The report from the ICGA, says (page6):
"Here is my list of differences in eval between Rybka 2.3 (mid Feb 2007)
and Rybka 1.0 Beta....."
etc.
etc.
"PawnFile PST is now [-4,-1,0,+1,+1,0,-1,-4] rather than -3 on a/h files."
That is wrong (all the ranks are different) and besides, grossly misleading, making it look like the PSTs were conserved, when they were not.
The report has an appendix with the PST from 2.3.2
http://www.chessvibes.com/plaatjes/rybkaevidence/RybkaEvalCompare.pdf
Do you even know what it was reported?
Miguel
Nobody else has NEARLY as much in terms of perfect matches...
> Nobody else has NEARLY as much in terms of perfect matches...
How do you know, you didn't investigate all the other engines that participated in the ICGA WCC did you !!
So we were just "lucky" to find Rybka, and not find any other program so similar to fruit???
> What does this show?
That there is no hard evidence for copying.
Some quotes from Zach, who is sure about Vasik guilt by other considerations than his work alone.
Zach Wegner : The semantic equivalence stuff is more about trying to prove copyright infringement in a case with imperfect information (i.e., we don't have R1's source code). I would have a different view of the case if I believed that Vas had coded all of Rybka from scratch, and only used Fruit as a source of ideas.
Zach Wegner : Coming back to R1/Fruit, yes, if you look at each example in detail, you can't say there is much hard evidence of direct code copying. As I said to Vas, I'm only completely certain that three characters were copied ("0.0").
> As I said to Vas, I'm only completely certain that three characters were copied ("0.0").

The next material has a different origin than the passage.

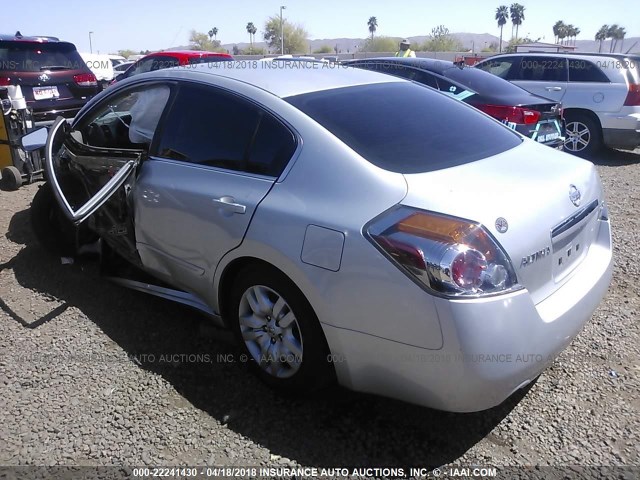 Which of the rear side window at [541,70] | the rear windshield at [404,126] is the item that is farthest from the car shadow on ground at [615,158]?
the rear windshield at [404,126]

Well, Zach, you cannot be certain of that at all. Vas may have written 0. and not 0.0. You'd need to understand a little bit more about compilers to appreciate this of course. If you read the 10 page summary from CB http://chessbase.com/news/2011/riis01-summary.pdf (page 5) you'll see that such an error is not uncommon for large shops.

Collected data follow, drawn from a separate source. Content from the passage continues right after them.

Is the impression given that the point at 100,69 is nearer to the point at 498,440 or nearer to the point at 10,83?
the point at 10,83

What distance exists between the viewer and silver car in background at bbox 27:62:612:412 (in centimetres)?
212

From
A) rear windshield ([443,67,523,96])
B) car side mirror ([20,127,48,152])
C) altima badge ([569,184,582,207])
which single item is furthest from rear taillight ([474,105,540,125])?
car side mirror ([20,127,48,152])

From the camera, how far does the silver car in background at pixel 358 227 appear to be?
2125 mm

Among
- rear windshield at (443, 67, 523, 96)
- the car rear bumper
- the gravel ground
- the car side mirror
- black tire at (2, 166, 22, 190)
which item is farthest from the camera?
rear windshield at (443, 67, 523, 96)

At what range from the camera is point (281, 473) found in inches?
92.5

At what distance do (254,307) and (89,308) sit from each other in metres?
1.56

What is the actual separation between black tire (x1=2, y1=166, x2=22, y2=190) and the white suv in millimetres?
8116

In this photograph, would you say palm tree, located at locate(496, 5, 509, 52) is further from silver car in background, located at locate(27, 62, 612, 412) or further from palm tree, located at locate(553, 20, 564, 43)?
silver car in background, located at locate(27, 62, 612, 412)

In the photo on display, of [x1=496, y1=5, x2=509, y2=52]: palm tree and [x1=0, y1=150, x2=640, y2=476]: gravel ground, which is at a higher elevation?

Any programmer will tell you how easily this happens and how often it has happened to them in their programming.
Matthias Wüllenweber has seen it himself in CB code.
It would seem that Zach is completely certain of nothing.
0.0 is completely unnatural in integer code. The keys are too far apart to make it accidental. This pig is NOT going to fly...
> No "chess programmer" will tell you how easy that would be to do. I have not done it once in 40 years now. Simply no floating point in any of my code that "plays chess".
>
> 0.0 is completely unnatural in integer code. The keys are too far apart to make it accidental. This pig is NOT going to fly...
"." and ">" are not so far apart. In fact, they are the same key! (with and without the shift)
if (x>.0) //">" key gets stuck, with and without shift, compiles to (x>0.0)
Miguel
PS: .0 is another option, not only 0.
People did not think about it.
The code was
if (movetime >= 0.0)
So > is irrelevant since the = follows before you get to the constant.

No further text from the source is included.